JurnalLugas.Com — Menteri Transmigrasi, Muhammad Iftitah Sulaiman Suryanagara, memaparkan pagu anggaran Kementerian Transmigrasi tahun 2026 sebesar Rp1,9 triliun. Dana tersebut dialokasikan untuk mendukung program prioritas, memperkuat manajemen, serta pengembangan kawasan transmigrasi yang berkelanjutan.

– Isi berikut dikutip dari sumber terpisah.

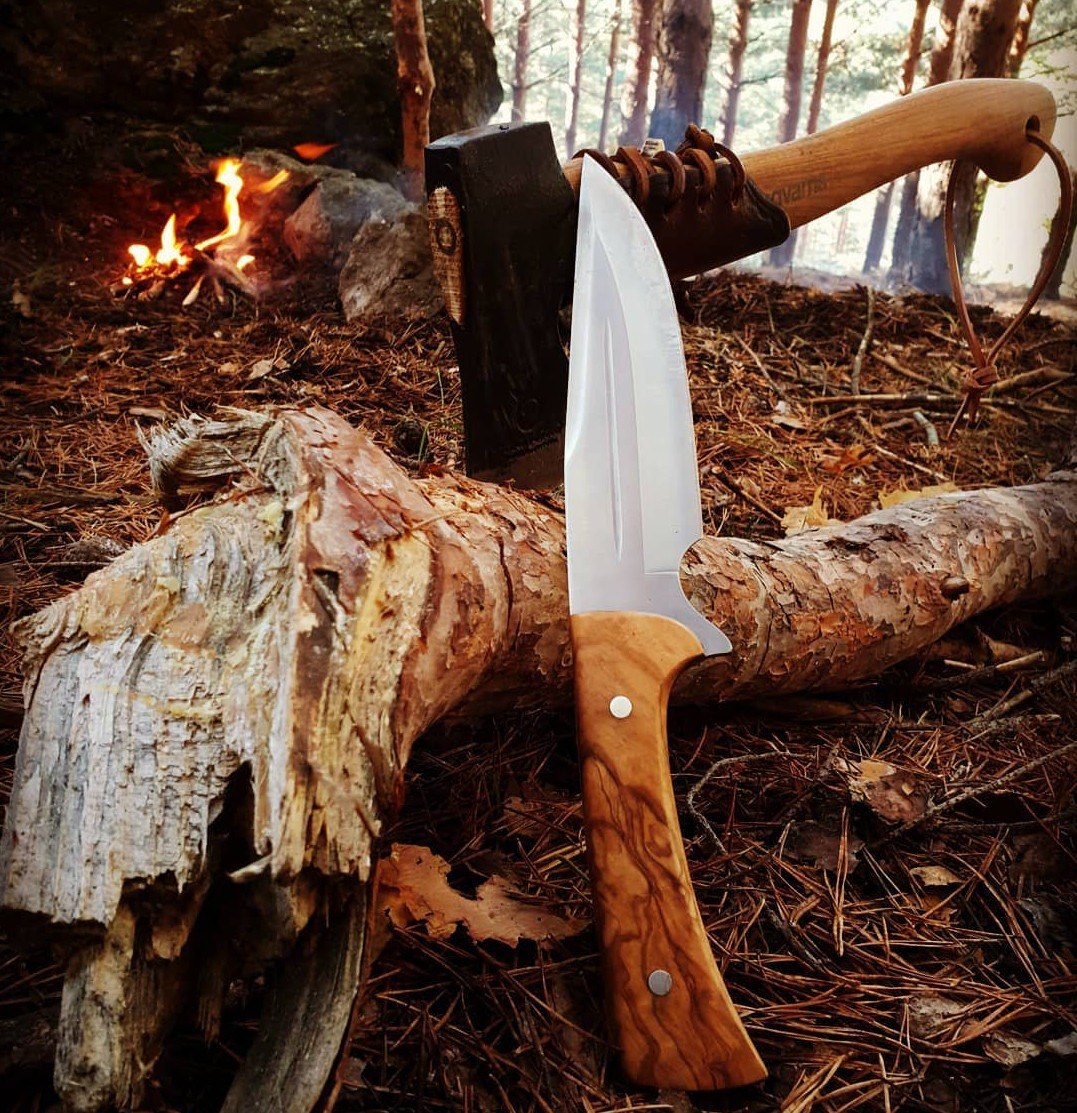 Cuchillo de Caza Jabalí 17 Enterizo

“Berdasarkan surat dari Menteri Keuangan, pagu anggaran Kementrans tahun 2026 ditetapkan Rp1,902 triliun,” ujar Mentrans saat rapat kerja dengan Komisi V DPR RI di Jakarta, Kamis (5/9/2025).
Komposisi Anggaran
Dari total pagu 2026, terdapat dua program utama:
- Dukungan manajemen senilai Rp564 miliar.
- Program teknis sebesar Rp1,3 triliun untuk memperkuat pembangunan kawasan transmigrasi.

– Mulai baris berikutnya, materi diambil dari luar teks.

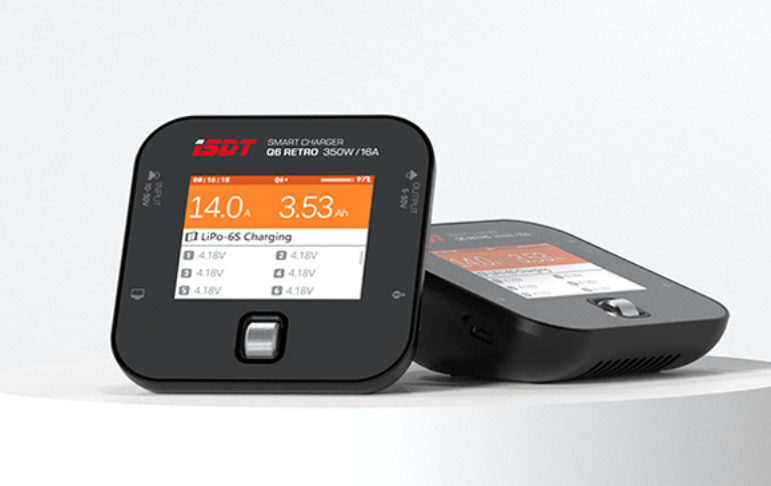 Q6 Retro Lipo Charger - 1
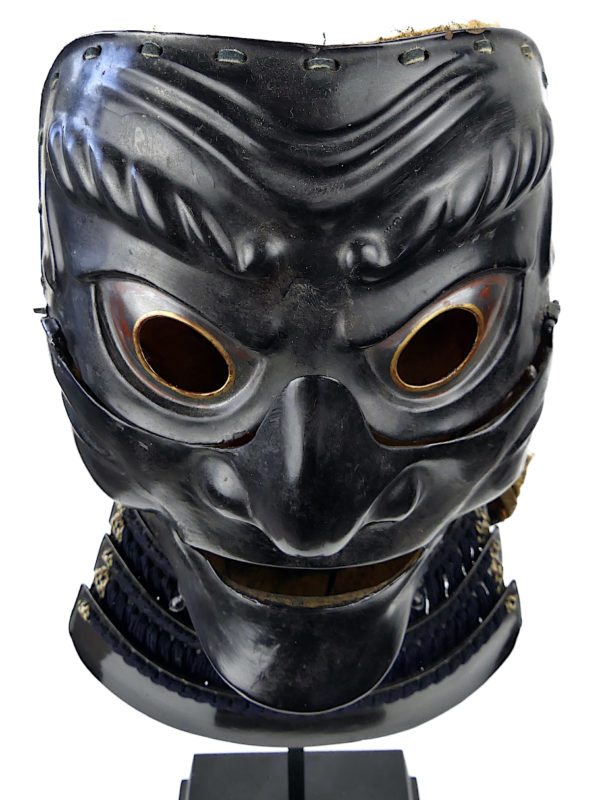 Somen de samouraï antique Edo XVIIIe en fer laqué noir et or sur socle (dessus)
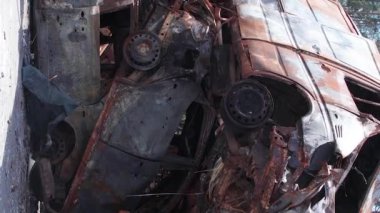 Bu stok dikey video Irpin, Bucha bölgesinde bir kurşun ve yanmış araba dökümü gösteriyor.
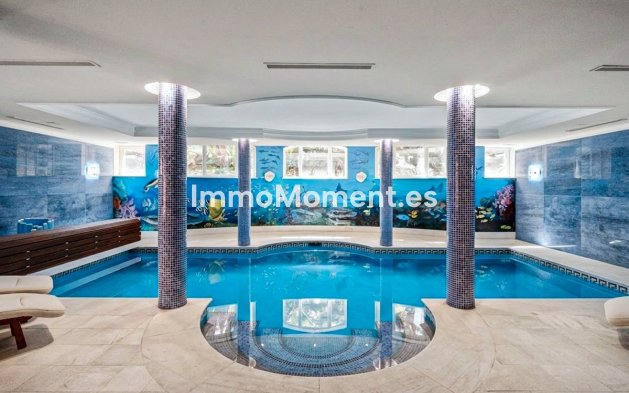 Wiederverkauf - Freistehende Villa - Marbella - Nueva Andalucía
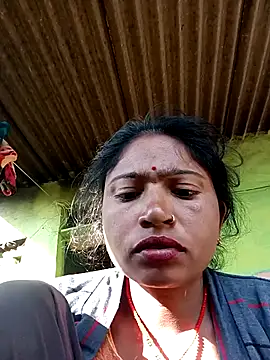 Snapshot of Payal-0143 chatting on December 5, 2025, 9:18 am Payal-0143 online show from December 5, 2025, 9:18 am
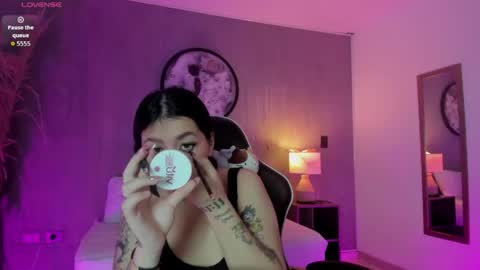 Snapshot of charlottee27_ chatting on May 2026 02:08:02 AM Charlottee online show from May 2026 02:08:02 AM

Menurut Mentrans, rincian anggaran terbagi dalam empat komponen: belanja gaji pegawai 5 persen, belanja barang operasional 16 persen, belanja mandatori 12 persen, dan prioritas presiden yang mendominasi 67 persen.
Secara detail, dana tersebut mencakup:
- Gaji pegawai Rp114 miliar.
- Operasional rutin Rp295 miliar.
- Belanja mandatori Rp228 miliar.
- Aspirasi pemerintah daerah Rp272 miliar.
Program Unggulan
Beberapa program unggulan turut mendapatkan alokasi besar. Program Trans Patriot menjadi yang terbesar dengan Rp597 miliar, digunakan untuk pemberian 1.000 beasiswa S2 serta pengiriman 1.000 tim ekspedisi patriot ke kawasan transmigrasi.
Selain itu, Program Trans Tuntas mendapat Rp9,4 miliar. Program ini fokus pada penyelesaian persoalan lahan, mulai dari pendataan, sertifikasi, hingga penyelesaian sengketa. Tujuannya memberikan kepastian hak bagi transmigran sekaligus menciptakan kawasan transmigrasi yang legal dan produktif.
Kemudian ada Program Trans Karya Nusantara dan Lokal dengan alokasi Rp229 miliar. Program ini diarahkan untuk mendorong pengembangan ekonomi berbasis potensi lokal di kawasan transmigrasi agar mampu menciptakan lapangan kerja berkelanjutan.
Sementara itu, dukungan manajemen dialokasikan Rp153 miliar untuk memperlancar pelaksanaan seluruh program.
Alternatif Pendanaan
Mentrans menegaskan, pihaknya juga akan mengupayakan sumber pendanaan lain di luar APBN. “Ke depan, kami akan menjaring investasi, mendorong industrialisasi kawasan transmigrasi, serta memaksimalkan penerimaan negara bukan pajak dari kebijakan transmigrasi,” ujarnya.
Dengan strategi itu, Kementrans berharap pembangunan kawasan transmigrasi tidak hanya bergantung pada anggaran negara, melainkan juga membuka ruang partisipasi dunia usaha dan masyarakat.